Sambil membalik halaman novel yang dibacanya, Vio mendesah menatap lembaran soal matematika di hadapannya. Sejak bel istirahat selesai, Vio sudah berada di perpustakaan selama hampir satu jam pelajaran tapi belum ada satu soal pun yang sudah dia selesaikan.
“Vio?” Vio menoleh dan mendapati Fian mendekati mejanya.
“Kok jam segini ada di perpus?” tanya Fian sambil mendudukkan diri di samping Vio.
“Oh”, Vio meletakkan novelnya,”Jam pelajaran matematika kelasku kosong, makanya aku ke perpus buat ngerjain tugasnya”
Fian melirik lembar tugas di depan Vio,”Tapi kayaknya tugasmu belum selesai”
Vio tersipu malu,”Kebiasaan nih kalo di perpus, pasti jadi keasikan mbaca daripada ngerjain tugas”
‘TEEET!’
“Ah, udah ganti jam”, Fian melirik jam tangannya,”Kelasku di laboratorium biologi nih, kelasmu?”
“Matematikanya dua jam, jadi masih ada satu jam kosong”
Fian berdiri dan mengembalikan kursinya ke tempat semula,”Aku masuk kelas dulu ya”.
Vio mengangguk dan kembali menekuni novelnya.

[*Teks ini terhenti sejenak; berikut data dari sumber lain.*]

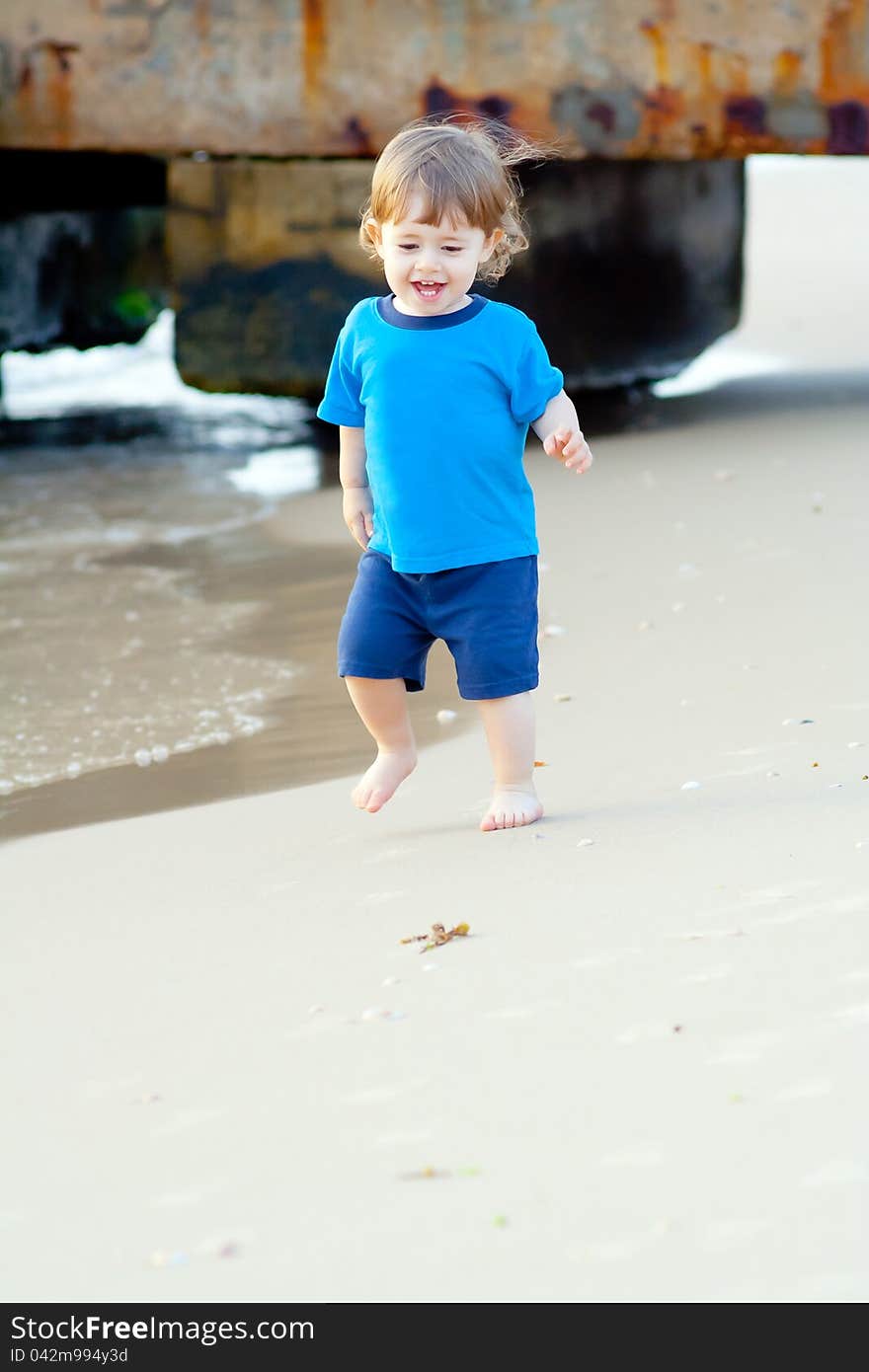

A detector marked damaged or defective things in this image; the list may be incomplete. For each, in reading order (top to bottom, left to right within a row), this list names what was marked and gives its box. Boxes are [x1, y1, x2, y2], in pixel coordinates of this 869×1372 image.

rusty metal structure [0, 4, 865, 397]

Sedetik kemudian dia teringat akan tugas matematikanya. Setelah agak lama berpikir, Vio meletakkan novelnya dan lebih memilih untuk mengerjakan tugasnya.

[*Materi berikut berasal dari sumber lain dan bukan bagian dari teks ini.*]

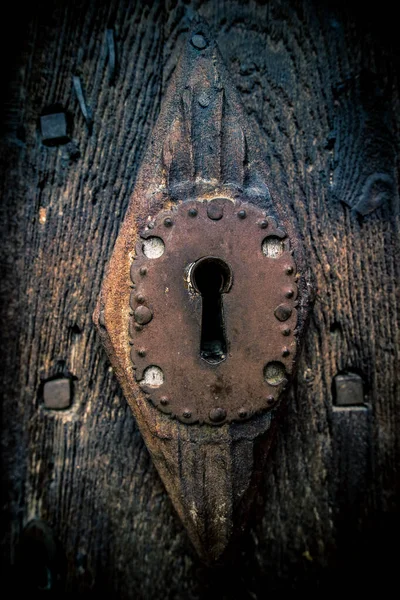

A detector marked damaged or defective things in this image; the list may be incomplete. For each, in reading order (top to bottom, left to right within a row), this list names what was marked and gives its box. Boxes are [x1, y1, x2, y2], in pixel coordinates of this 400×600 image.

rusted metal surface [94, 18, 312, 564]
rusty metal plate [130, 195, 298, 424]
rusted metal surface [130, 199, 298, 424]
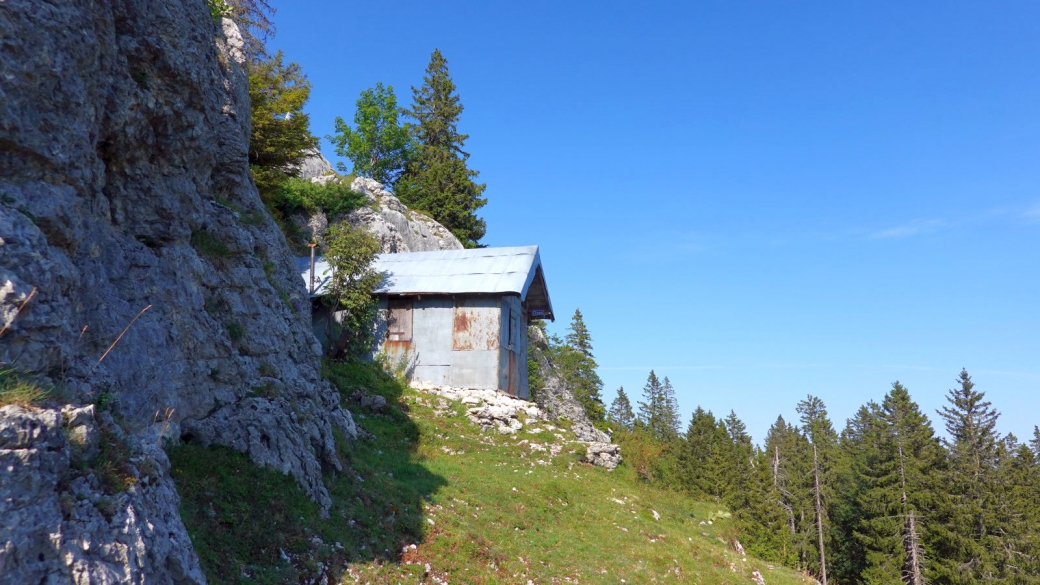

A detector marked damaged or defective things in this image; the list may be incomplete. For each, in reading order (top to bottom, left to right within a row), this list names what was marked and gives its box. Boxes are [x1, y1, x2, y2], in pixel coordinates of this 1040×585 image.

rusty metal shed [298, 244, 552, 400]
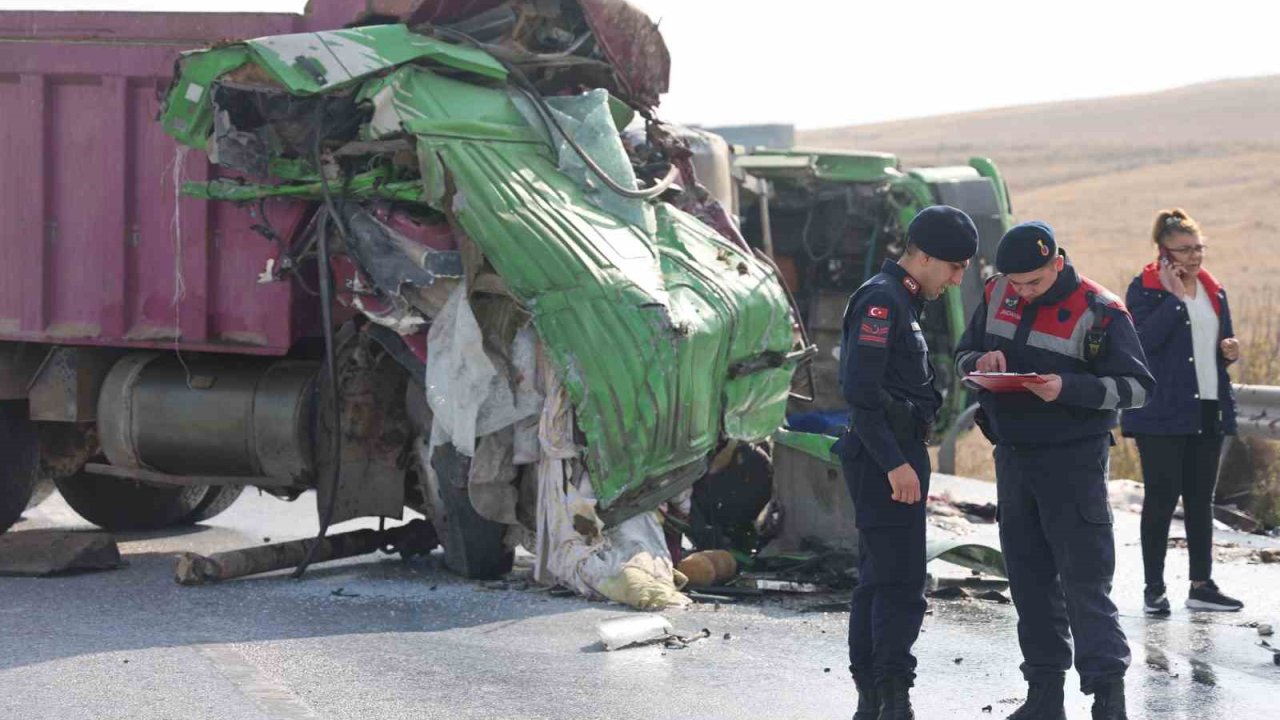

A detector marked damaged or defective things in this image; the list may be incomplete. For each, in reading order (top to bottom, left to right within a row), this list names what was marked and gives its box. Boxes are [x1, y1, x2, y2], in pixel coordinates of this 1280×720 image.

“Uh, baru soal nomor satu aja susahnya begini”, gerutu Vio dalam hati.
Sambil menguap, dengan malas ditekurinya angka-angka dan rumus yang tertera. Vio berusaha membuat dirinya terjaga dengan menepuk-nepuk pipinya sendiri sambil merutuki dirinya yang tiba-tiba mengantuk.
***
Dahi Vio mengernyit saat mengerjakan soal matematikanya yang terakhir. Vio merasa pernah mengerjakan soal tersebut tapi entah kenapa Vio tidak bisa mengingat satu huruf pun dari rumusnya. Tak sengaja ekor matanya menangkap plang kayu yang menunjukkan letak rak buku matematika.

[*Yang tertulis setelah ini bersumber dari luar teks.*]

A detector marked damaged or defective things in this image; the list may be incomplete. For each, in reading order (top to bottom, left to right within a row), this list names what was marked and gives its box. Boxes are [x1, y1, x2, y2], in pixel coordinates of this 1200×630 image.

Vio bangkit dari kursinya dan dengan enggan mencari-cari buku paket matematika yang dia akan dia gunakan untuk menyelesaikan soal terakhir. Semakin cepat dia menemukannya, semakin cepat tugasnya selesai.
“Hng?”
Vio mendekati rak yang berada di samping rak buku matematika. Dari sampul dan judul buku yang ada, Vio berkesimpulan bahwa rak itu berkategorikan sastra klasik. Sambil membawa buku matematika yang sudah ditemukannya, iseng-iseng Vio melihat satu per satu buku yang ada.
Setelah beberapa lama melihat-lihat, Vio berniat kembali ke mejanya untuk melanjutkan tugasnya. Tapi baru beberapa langkah dia berjalan, matanya menangkap satu buku yang menarik perhatiannya. Pelan-pelan diambilnya buku tersebut.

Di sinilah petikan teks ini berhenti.